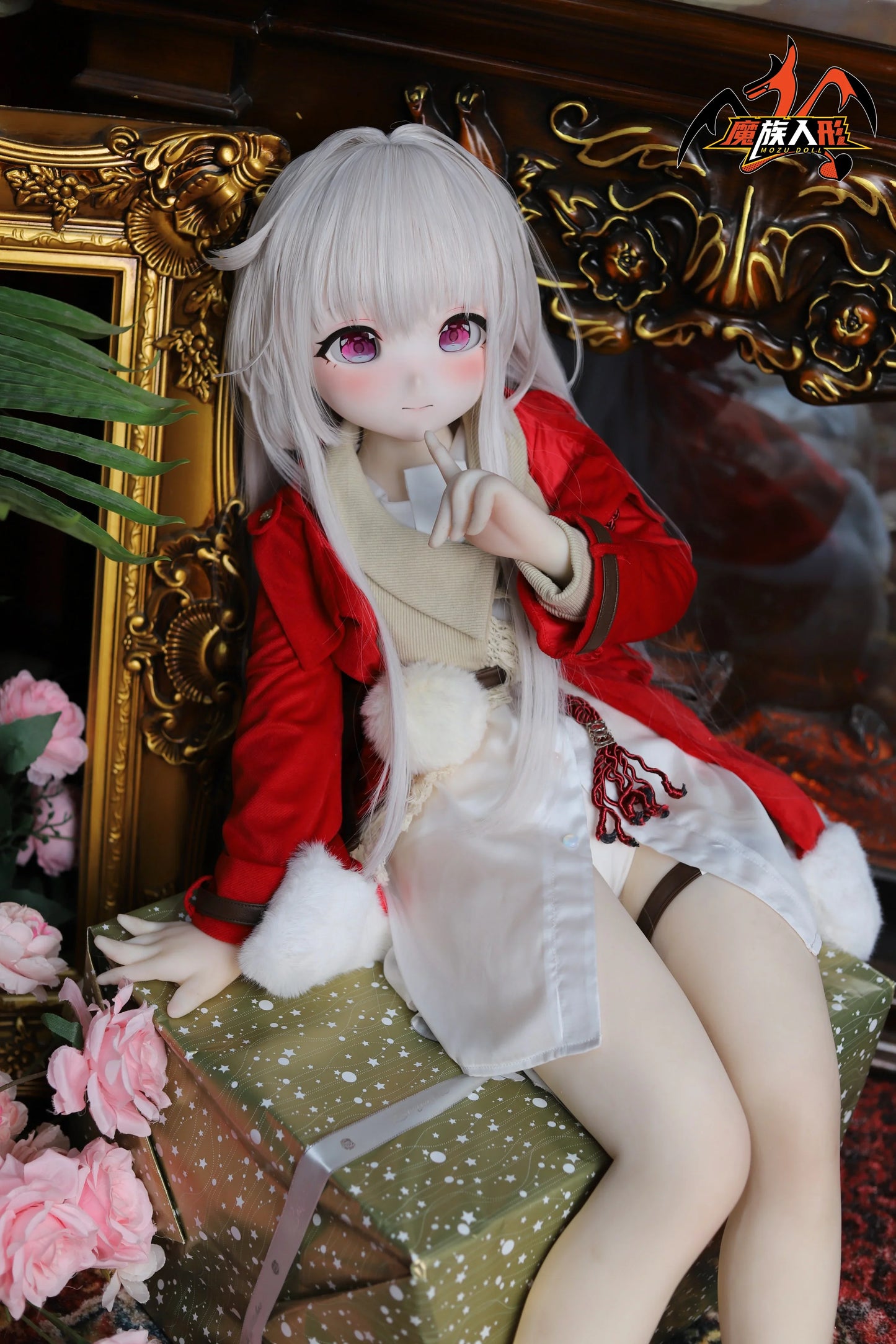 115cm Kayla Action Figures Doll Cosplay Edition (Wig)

--------------------------------

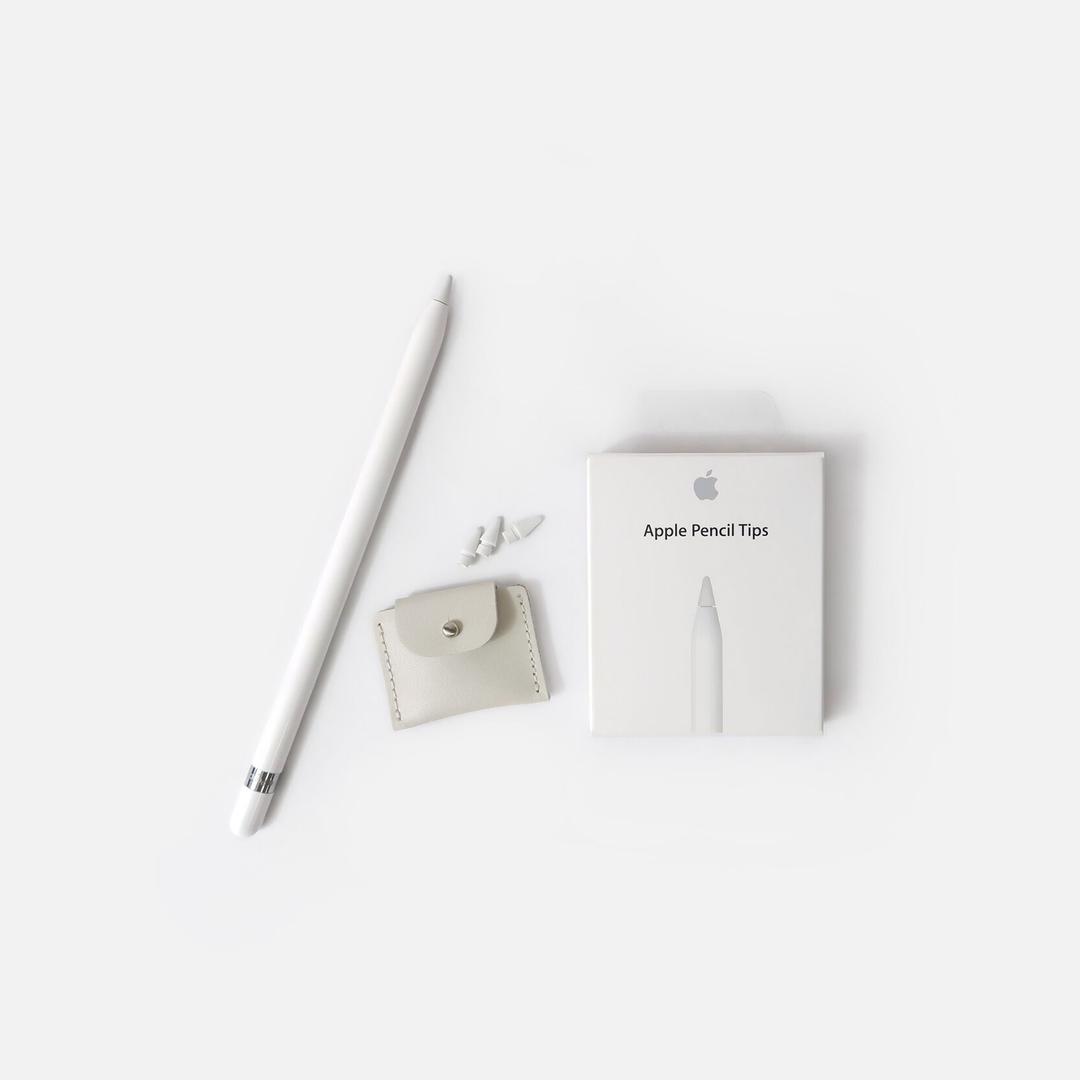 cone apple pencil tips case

--------------------------------

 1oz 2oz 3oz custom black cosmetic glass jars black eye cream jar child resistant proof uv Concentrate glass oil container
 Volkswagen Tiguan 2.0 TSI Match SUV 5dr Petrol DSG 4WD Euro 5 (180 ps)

--------------------------------

● Work item
Among the records above, a stretch begins at the line containing "1oz 2oz 3oz" and ends at the line containing "Volkswagen Tiguan 2.0". Restate that stretch word for word, and nothing else.

● Exercise output
 1oz 2oz 3oz custom black cosmetic glass jars black eye cream jar child resistant proof uv Concentrate glass oil container
 Volkswagen Tiguan 2.0 TSI Match SUV 5dr Petrol DSG 4WD Euro 5 (180 ps)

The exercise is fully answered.